The potential health benefits of eating a Mediterranean diet have been landing in my Inbox frequently. A new study suggests women past the age of menopause could lower their breast cancer risk by sticking to a Mediterranean diet - which includes olive oil - and avoiding a “Western” diet involving meat, French fries, alcohol, butter and the like. The French study, published in the American Journal of Epidemiology, said such a diet regimen “may contribute to a substantial reduction” in breast cancer risk among women who've already been through menopause. Researchers identified a "healthy/Mediterranean” diet essentially as vegetables, fruits, seafood, olive oil, and sunflower oil. They said the "alcohol/Western" diet included: meat products, French fries, rice and pasta, potatoes, pizza, canned fish, eggs, alcoholic beverages, cakes, mayonnaise, butter and cream. The study tracked 65,374 women living in France.
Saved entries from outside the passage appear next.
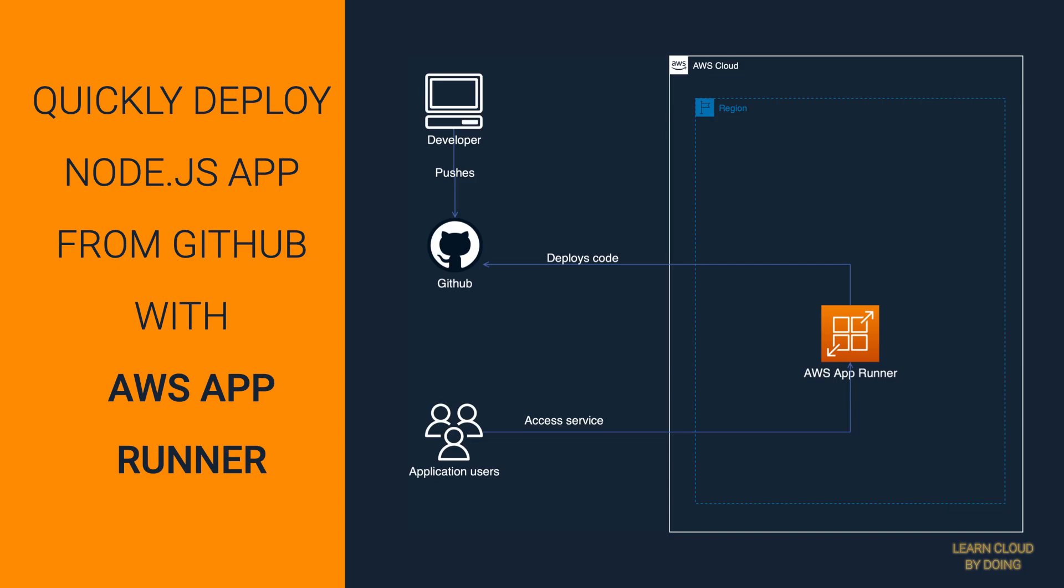This tutorial shows you how to use AWS AppRunner to quickly set up a continuous delivery pipeline for a Node.js application.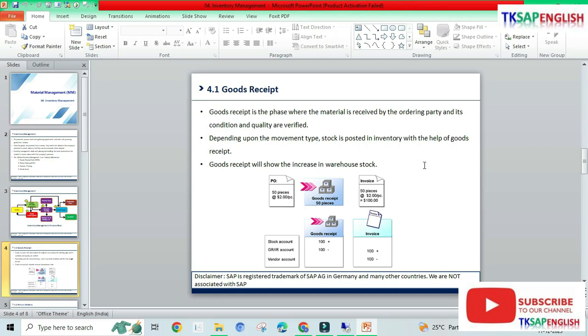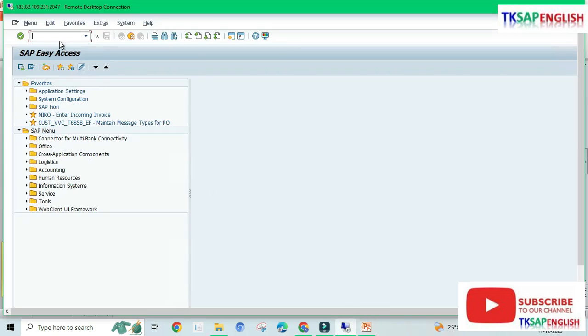The first topic in our inventory management chapter is goods receipt, or we can call it a goods receipt note (GRN). Goods receipt is the phase where the material is received by the ordering party and its condition and quality are verified. Depending upon the movement type, stock is posted in inventory with the help of goods receipt, which will show an increase in our warehouse stock.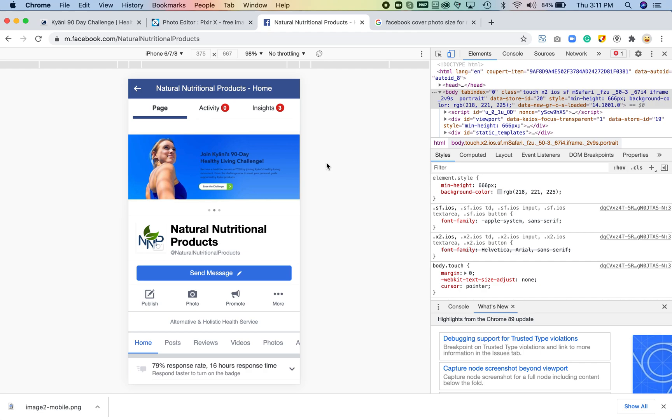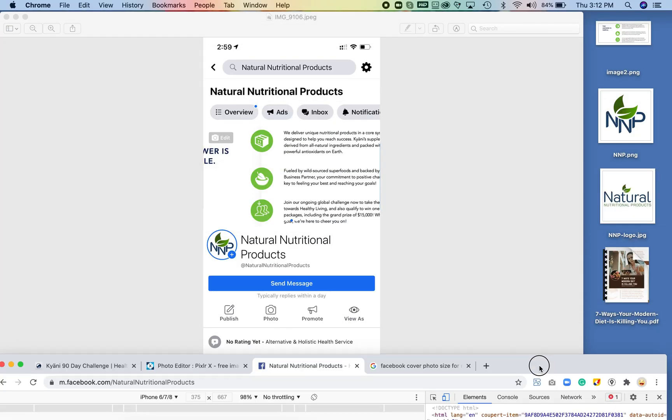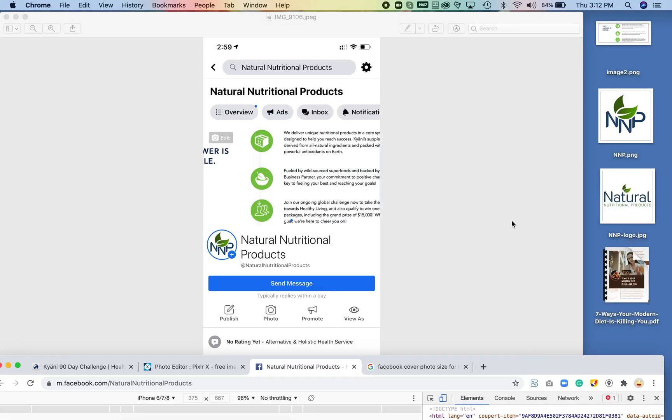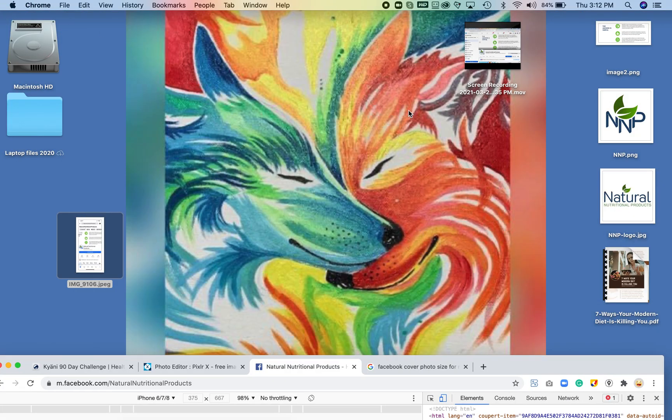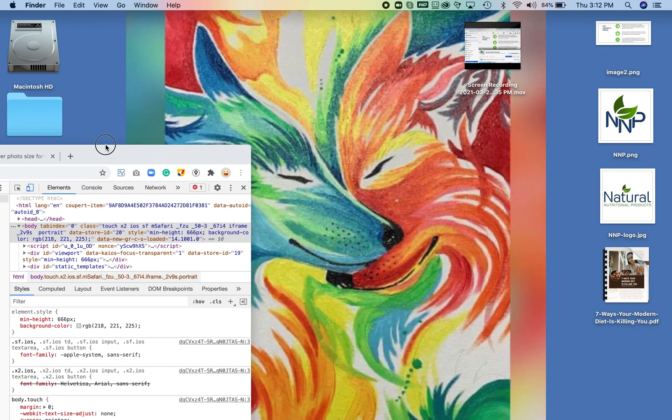So what I'm doing is opening this up on my cell phone. It looks great. I'm now going to take a screenshot and I'm going to send it to myself. I'm going to airdrop it to my laptop here and hopefully that shows up.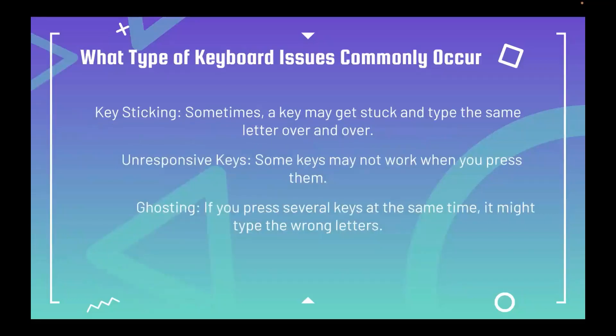What types of keyboard issues commonly occur? The first one is key sticking — sometimes a key may get stuck and type the same letter over and over. The second one is unresponsive keys — some keys may not work when you press them. And the last one is ghosting — if you press several keys at the same time, it might type the wrong letters.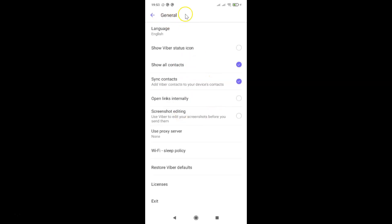You can see I have this General screen opened. On this screen, we have the Wi-Fi sleep policy. So just tap on this.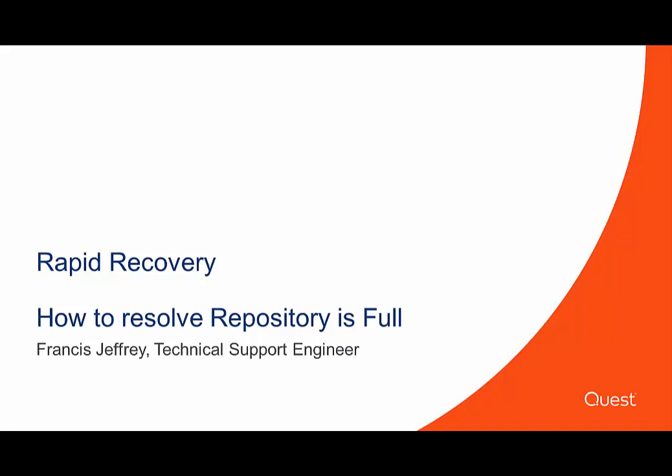Hi, my name is Francis Jeffrey and I'm a technical support engineer with Rapid Recovery. Today I'll be going over how to resolve repository full issues.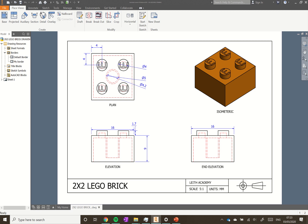In this video we're going to show you how to create an orthographic drawing. Orthographic drawings are used to convey information and detail about the size of the part you've designed and its features. This could be used for someone who's going to manufacture the part for you, so they know what size to make it.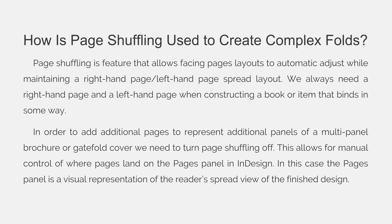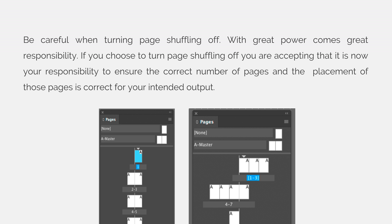Turning page shuffling off allows for manual control of where pages land on the Pages panel in InDesign. The Pages panel is a visual representation of the reader spread's view of the finished design. Be careful when turning page shuffling off — with great power comes great responsibility. If you choose to turn page shuffling off, you are accepting that it is now your responsibility to ensure the correct number of pages and the placement of those pages is correct for your intended output.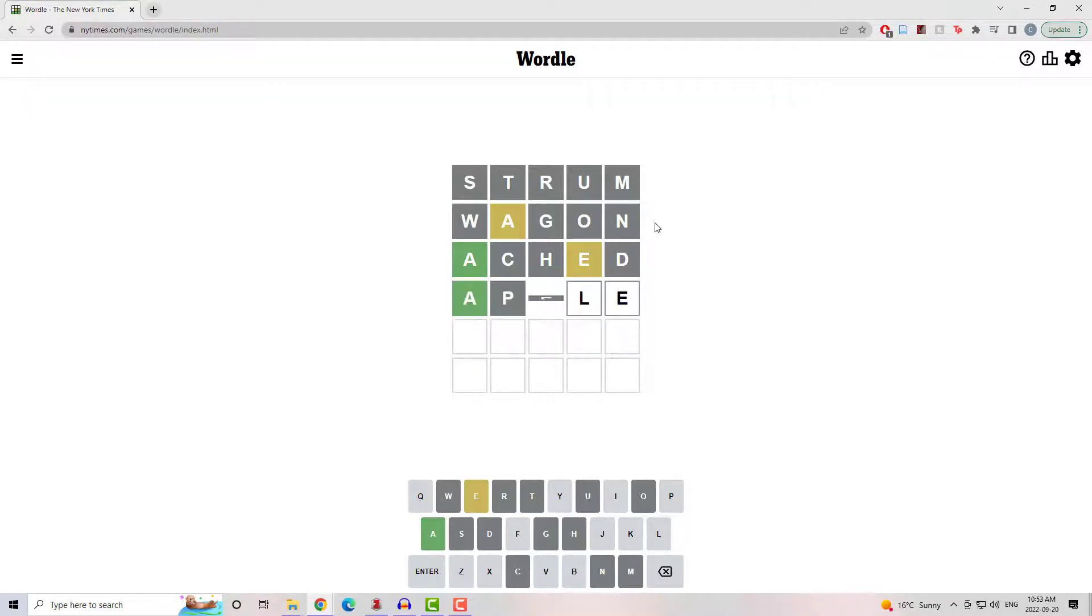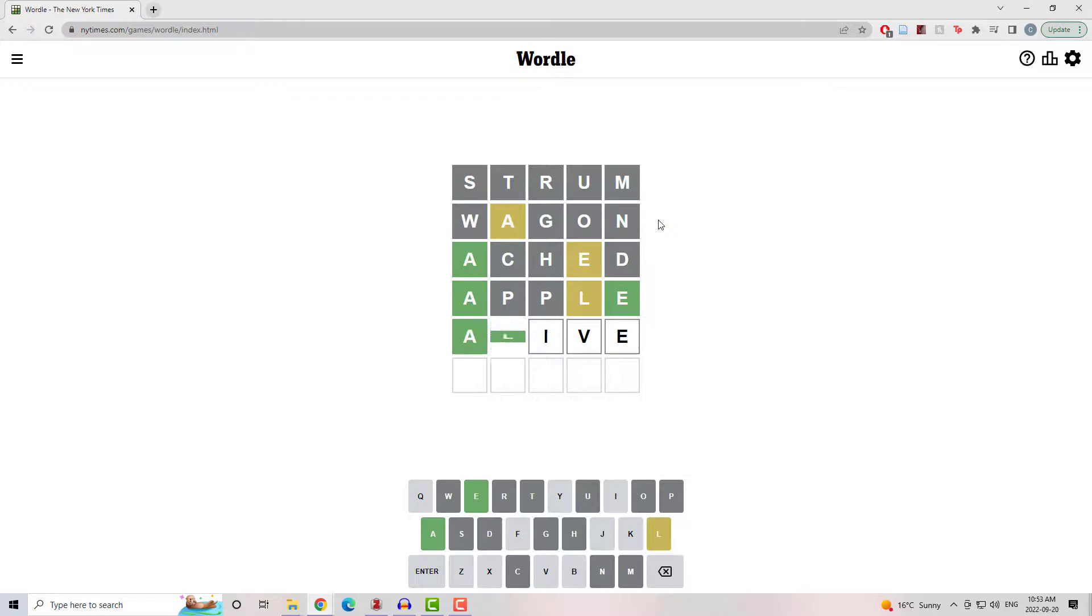So I went to Apple. I know it's a double letter but it came to mind quickly. Found the right spot for the E, got an L in the wrong spot.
Among them, 2,381 developed post-menopausal invasive breast cancer during a median follow-up period of 9.7 years. Other research we've seen showing the health benefits of a Mediterranean diet:
- A Spanish study found the diet can "significantly" cut your risk of depression.
- An Italian study said the diet may be just the ticket for diabetics to lead a healthier life and reduce their need for drugs.
- A U.S. study reported a naturally occurring compound found in extra virgin olive oil, oleocanthal, could help prevent Alzheimer's.